→ Task description
An exact reproduction of all the data is needed, with no images in it.

→ Data
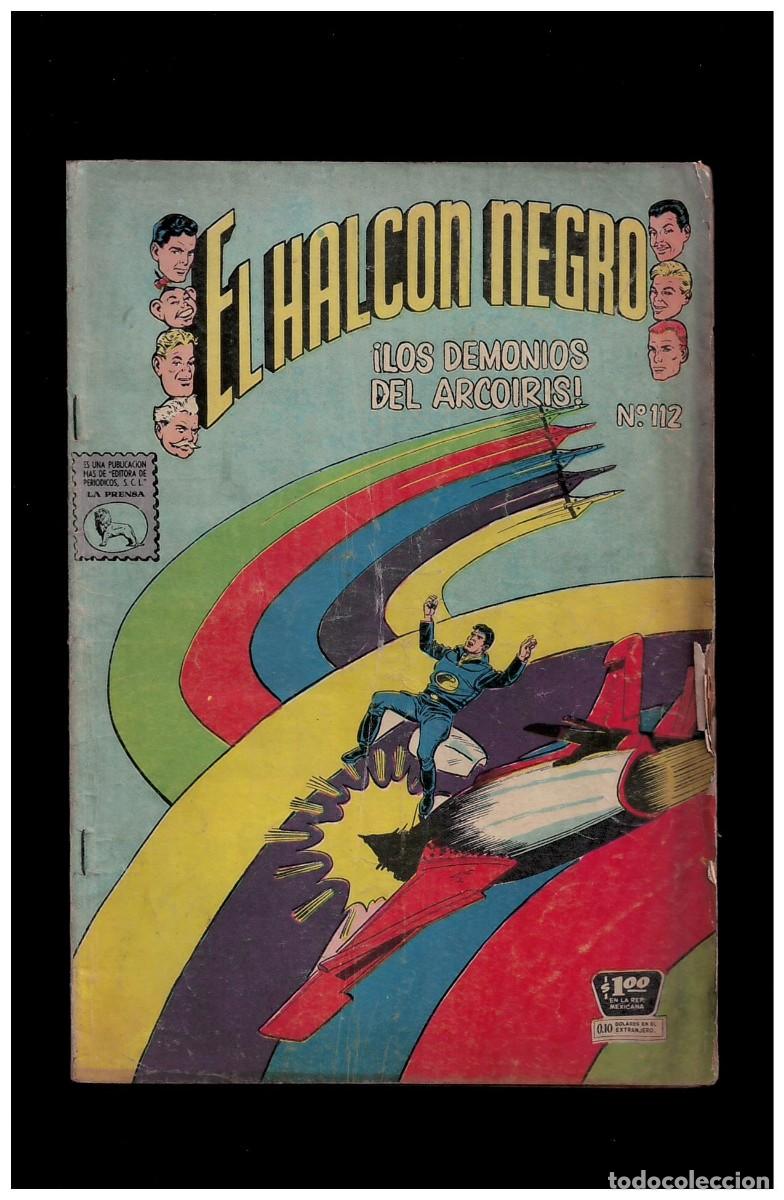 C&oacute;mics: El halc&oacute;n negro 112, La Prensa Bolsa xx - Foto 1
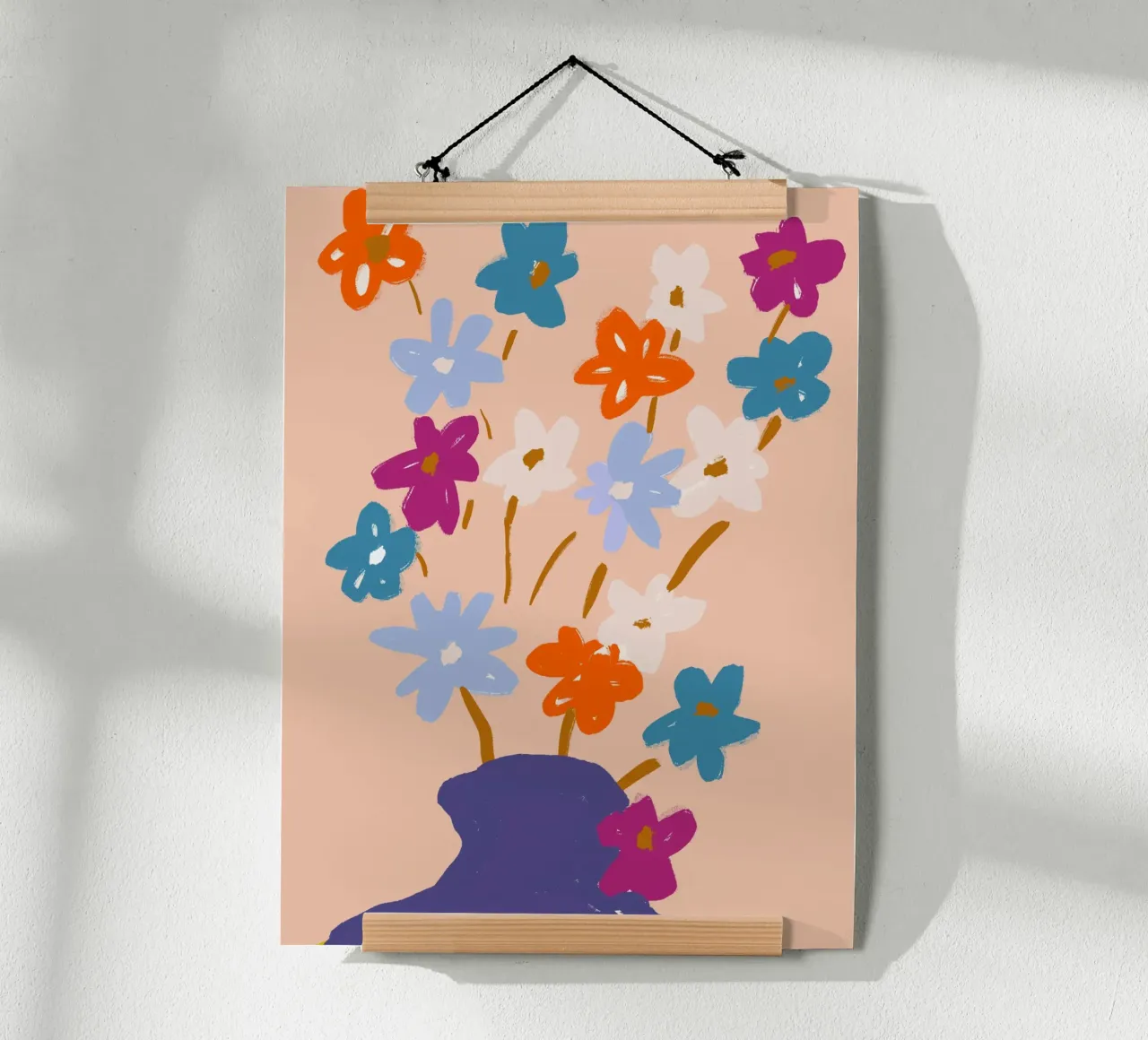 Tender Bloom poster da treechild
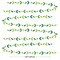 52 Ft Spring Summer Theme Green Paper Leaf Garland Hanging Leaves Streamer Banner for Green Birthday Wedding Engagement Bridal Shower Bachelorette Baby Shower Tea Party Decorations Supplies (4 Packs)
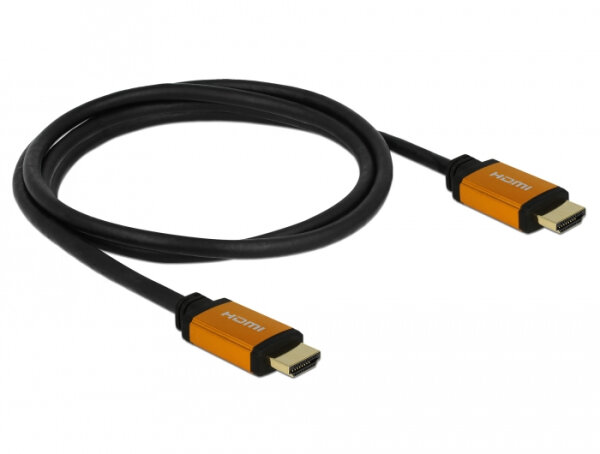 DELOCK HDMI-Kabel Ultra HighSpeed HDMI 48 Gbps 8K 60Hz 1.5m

→ Solution to this task
 C&oacute;mics: El halc&oacute;n negro 112, La Prensa Bolsa xx - Foto 1
 Tender Bloom poster da treechild
 52 Ft Spring Summer Theme Green Paper Leaf Garland Hanging Leaves Streamer Banner for Green Birthday Wedding Engagement Bridal Shower Bachelorette Baby Shower Tea Party Decorations Supplies (4 Packs)
 DELOCK HDMI-Kabel Ultra HighSpeed HDMI 48 Gbps 8K 60Hz 1.5m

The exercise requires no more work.